== What you have to do ==
Give the entries again exactly; drop the pictures.

[Dataset entries]

════

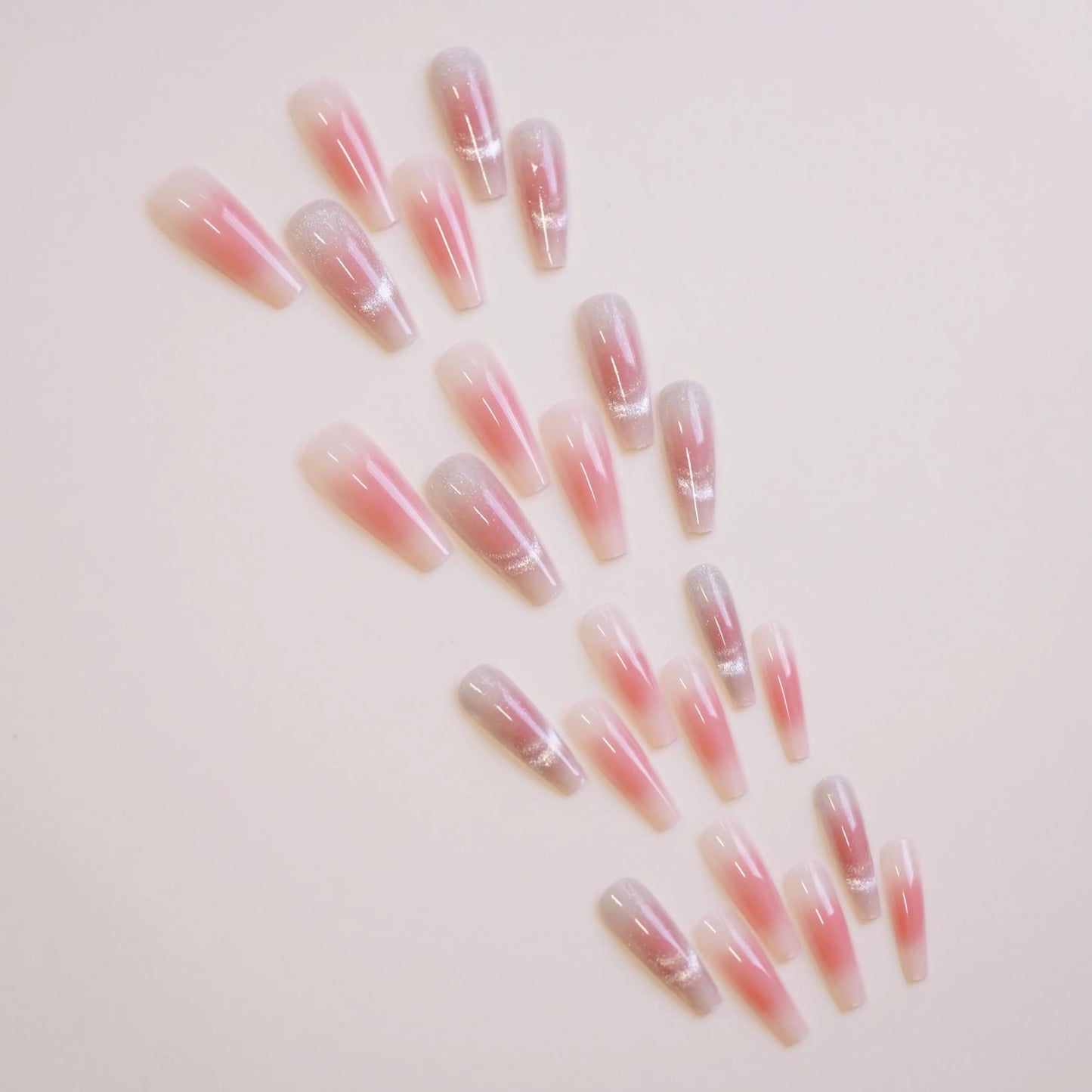 BABALAL Coffin Press on Nails Long Fake Nails White French Glue on Nails Glitter Rhinestone Flower Design Ballerina False Nails 24Pcs Shiny Acrylic Nails for Women and Girls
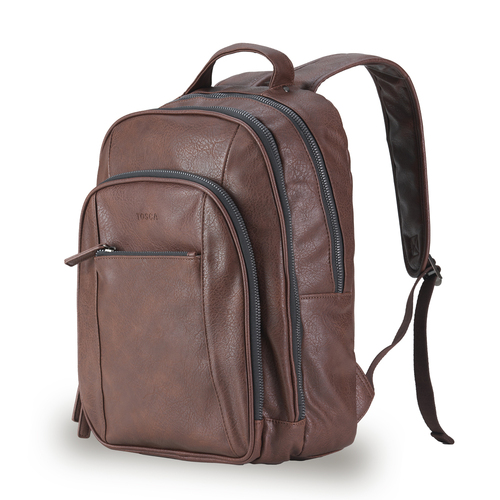 Tosca Vegan Leather Backpack Mens Travel Bag - Chocolate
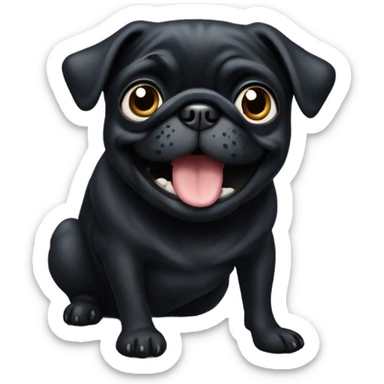 Black pug slapping  sticker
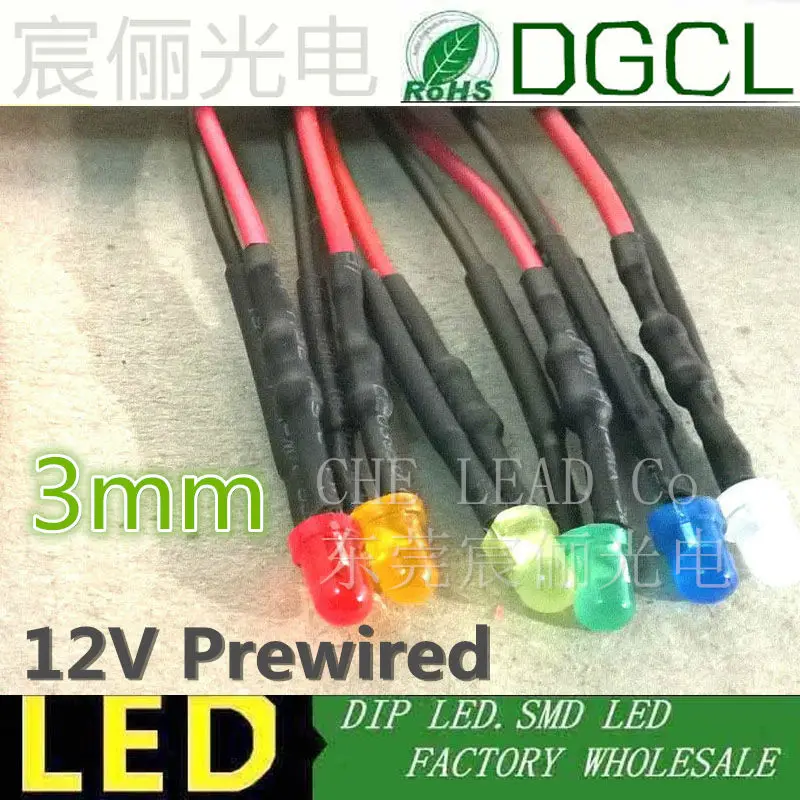 Предварительно Проводные светодиодные лампы dip led 100 шт./лот 12 В/24 В постоянного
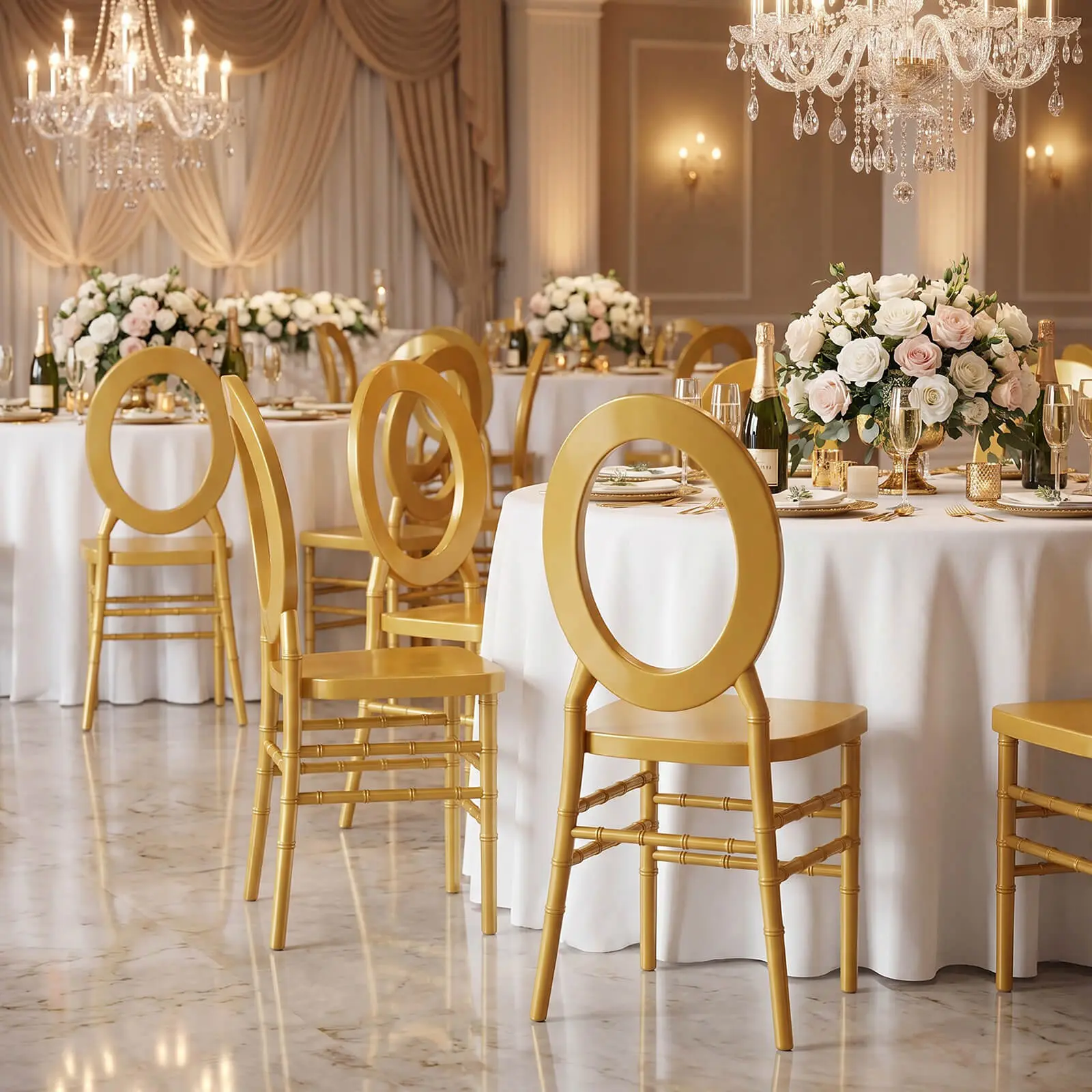 3-Pack Gold Resin Armless Oval Open Back Chiavari Chairs - Stackable Single Seat Indoor Event Furniture Chairs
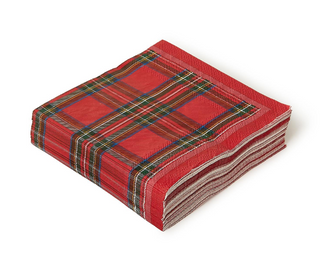 Tartan Traditions 3-Ply Paper Napkins Assorted cocktail red white yellow blue Christmas holiday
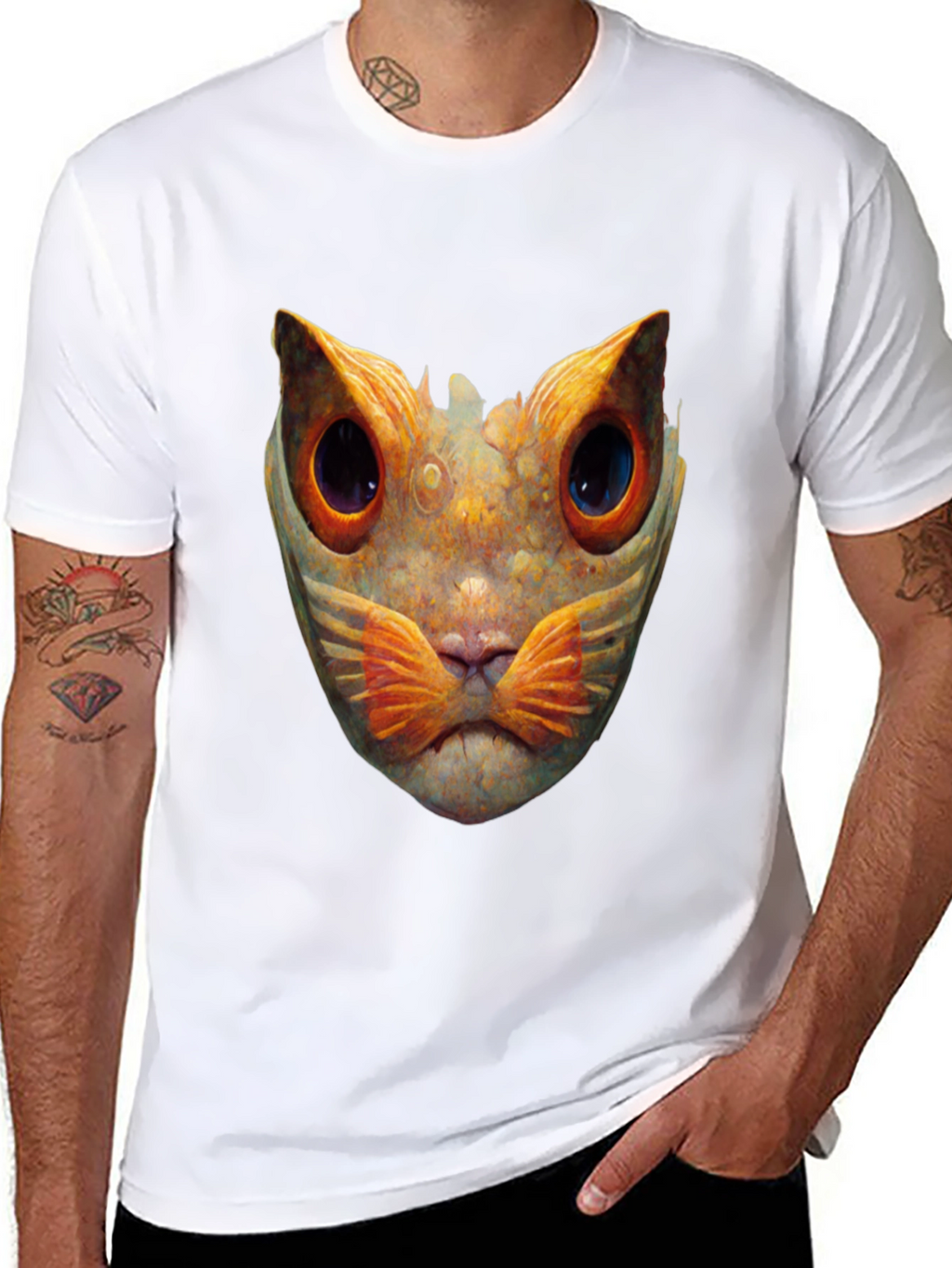 Abstract Cat Graphic T-Shirt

════

== Exercise response ==
 BABALAL Coffin Press on Nails Long Fake Nails White French Glue on Nails Glitter Rhinestone Flower Design Ballerina False Nails 24Pcs Shiny Acrylic Nails for Women and Girls
 Tosca Vegan Leather Backpack Mens Travel Bag - Chocolate
 Black pug slapping  sticker
 Предварительно Проводные светодиодные лампы dip led 100 шт./лот 12 В/24 В постоянного
 3-Pack Gold Resin Armless Oval Open Back Chiavari Chairs - Stackable Single Seat Indoor Event Furniture Chairs
 Tartan Traditions 3-Ply Paper Napkins Assorted cocktail red white yellow blue Christmas holiday
 Abstract Cat Graphic T-Shirt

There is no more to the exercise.